Eat-in Vs Takeaway: what’s right for your café?

15 September 2020, 08:22 AM
  • Whether you seat customers or serve them from a hatch, getting the balance right can have a real impact on profits
Eat-in Vs Takeaway: what’s right for your café?

As emergency takeaway-only policies soften to allow limited seated customers, now’s the time to be weighing up the pros and cons of both. Will safely-spaced tables cover your staff costs? Can a takeaway counter ever attract large enough transactions? If you’ll mulling the figures with an eye to changing the way you serve your customers you’re not alone…

Costs down, profits up
Set in lush farmland to the west of Edinburgh, Craigie’s Farm is a long-established farm shop which, prior to lockdown, found its turnover equally split between its café and shop. Whilst Covid-19 has shaken everything up, the business has fared well. “We’ve really had quite a good pandemic, if there is such a thing,” says founder John Sinclair. “The café had to close but the shop more than made up for the shortfall and the café team was busy making up orders, calling customers and making deliveries.”

Hot drinks were back on the menu at the first opportunity: “At the beginning of June we hired a catering van from a farm shop down south and operated outside the shop,” says John. “It was doing about 20% of the café business but with much lower staffing costs so it worked quite nicely. And now we’ve reopened the café.” But, not quite in its original form: a clever policy has helped maximise spend from those who do take up a table. “We get lower numbers in the café, but ask people to pre-book, pre-order and pre-pay,” explains John. “We deliberately didn’t include a coffee and cake option on the form though, because traditionally a lot of customers would spend a good few hours over a couple of coffees. So, we’ve put up a reduced menu of higher-value options to make sure we’re getting a good margin from those who are coming in. Also, because we know who’s coming in, we can staff accordingly. The truck is still there so if people just want to turn up for a coffee they can without taking up that valuable space in the café.”

So has the experience changed John’s view of the café element of his business? “Absolutely. We’re just in the process of building a 150-seater café on-site. It was going to be a tray-slide but we’re removing that element and going down the app ordering route. Throughout this we’ve tried to focus on opportunities: the move to online ordering for our elderly and retired customers has been a big change, and we’re hoping that’ll carry through to the café.”

The retail balance
Not everyone feels that growing the seated offer is the right direction of travel. The Goods Shed in Kent is a food hall with a razor-sharp focus on direct-from-the-farm produce. The retail/foodservice balance has shifted over its 18-year history, but never more sharply than during lockdown when the food hall pivoted to a delivery service. “We’ve got a whole medley of on-site eating options downstairs in the food hall,” explains founder and director Susanna Sait, running through a list of concessions that serve local Woodchurch coffee and Margate chai. “We’re moving towards retail more than the onsite café emporium though,” she admits. “[The latter] is very fashionable but economically it’s not as attractive as retail. The market’s very tight and I’ve found for the last two years it’s harder for pop-up food stalls to make it work. It was exciting when we could just focus on retail.”
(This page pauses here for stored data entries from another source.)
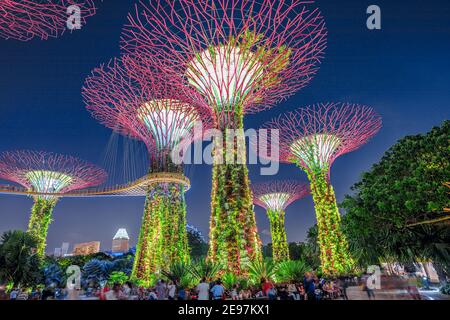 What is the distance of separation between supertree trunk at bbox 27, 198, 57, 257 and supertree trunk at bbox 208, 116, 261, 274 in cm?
2609

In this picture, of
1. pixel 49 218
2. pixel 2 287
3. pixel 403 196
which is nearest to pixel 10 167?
pixel 49 218

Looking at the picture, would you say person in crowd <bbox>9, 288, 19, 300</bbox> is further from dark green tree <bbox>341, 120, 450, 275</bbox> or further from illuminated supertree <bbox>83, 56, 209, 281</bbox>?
dark green tree <bbox>341, 120, 450, 275</bbox>

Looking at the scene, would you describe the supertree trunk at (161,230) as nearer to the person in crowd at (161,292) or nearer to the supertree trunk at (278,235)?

Whilst hot drinks to takeaway are still popular, it’s the veg counter and whole carcass butchery that have helped The Goods Shed pull through, each gaining £3k a week in sales through the peak of the lockdown. So is coffee still an important way to pull in the punters? “Yes, but then you have to deal with the difficulty of them wanting to stand and chat,” says Susanna. “Obviously in the current phase they’re allowed to sit and drink their coffee. At the start [of lockdown] we were just doing retail and takeaway coffee and people loved it. With the café element back in it’s all about socialising and being together, which is the antithesis of what we’re supposed to be doing.” In truth, Susanna’s love of foodservice was already on the wane. “The whole Tripadvisor culture was starting to chip away at our morale, to be honest. It’d become horrible – everyone was behaving like a food critic essentially.” So, offering a great cup of tea or coffee to takeaway feels like a winner for Susanna. “It’s great that now the customers have got a more appreciative angle. We’re appreciating them too. They’re not numbers any more, not just covers. It’s a two-way street. They understand that you’re trying to deliver a good product and they’re really embracing that.”